And just like that, international netball has gotten interesting again. The Silver Ferns completed an afternoon of boilovers in yesterday's Quad Series double-header in Invercargill, pulling off a stunning 10-goal rout over Australia to claim the title for the first time.
A couple of hours earlier, South Africa had a breakthrough of their own, notching up their first win since the four-nation tournament was introduced a year ago with a gutsy 54-51 win over England. This was the same English line-up that last week toppled the Ferns for just the fifth time in 88 matches, engulfing Janine Southby's side in a wave of criticism.
New Zealand responded in the best way possible yesterday, running riot over the Diamonds as the world champions were made to look ordinary.
Southby believed the Ferns' poor showing against England last week proved the catalyst for something special in Invercargill.
While the critics sharpened their knives, the New Zealand side asked some tough questions of themselves and resolved to put things right against the Diamonds.
"We had to really dig deep. You go into a dark place when you have a loss like that, and they really pulled it out and made everyone take notice, because a lot of people were writing them off," said Southby.
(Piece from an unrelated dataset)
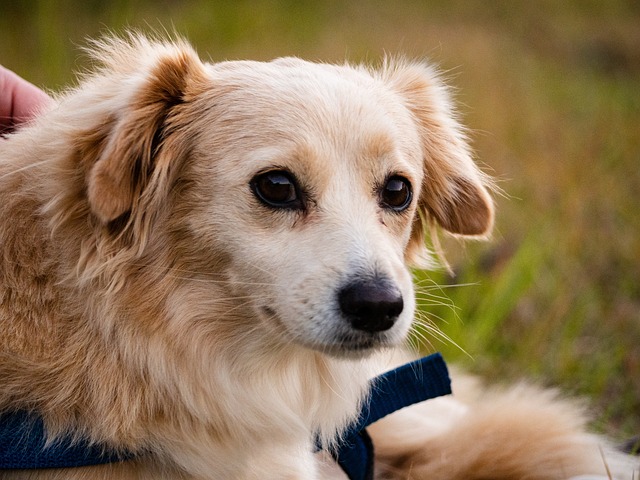 Hond, Gouden, Huisdier, Dier, Mooie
The win was built on a committed defensive effort right through the court, and a courageous and composed performance on attack, along with a couple of bold selection decisions.
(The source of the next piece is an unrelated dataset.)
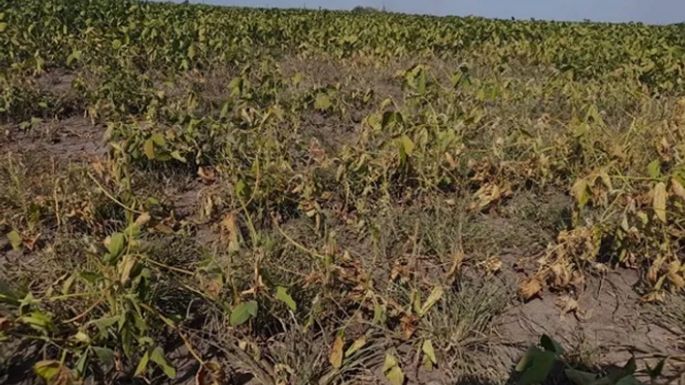 Piden que se amplíe la emergencia por sequía a toda la zona afectada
Southby threw a curveball at the Australian defence by starting Bailey Mes in the unfamiliar position of goal attack, effectively swapping bibs with Te Paea Selby-Rickit.
But it was the inclusion of young defender Kelly Jury, who was sidelined from Wednesday's match with an ankle injury, at goal keep that proved the masterstroke.
Pitted against Diamonds captain Caitlin Bassett, Jury delivered a player of the match performance, forcing the Australian sharpshooter to the bench in the third quarter.
At 1.92m tall, Jury is just one centimetre shy of Bassett, eliminating the height advantage in the shooting circle Australia have enjoyed for so long. With the Australian attack unable to sight Bassett as clearly, they were hesitant to put the ball into the circle, upsetting their rhythm on attack.
There was much anticipation over the first meeting between New Zealand and Australia of the post-ANZ Championship era. Diamonds coach Lisa Alexander believed the lack of regular exposure to one another in transtasman league had amplified the rivalry between the two sides.
The split seemed to have worked in New Zealand's favour, with the Diamonds appearing to have forgotten how to play against the zone style of defence, committing basic errors that were out of character for the usually well-drilled Australians.
Bassett said she was disappointed her side were unable to adjust to the Ferns approach.
"I think it was just too many errors on our behalf. A lot of the mistakes were of our own doing and we didn't respond," said Bassett, who was delivered her first loss as skipper.
The Diamonds were their own worst enemies on defence, too, committing 84 penalties. Defender Courtney Bruce at goal keep was the worst offender, picking up 18 penalties before she was benched at three-quarter time after receiving an official warning from the umpires.
"I guess our Australian style is to be more on the body, but again, we just didn't adjust and that wasn't good enough," said Bassett.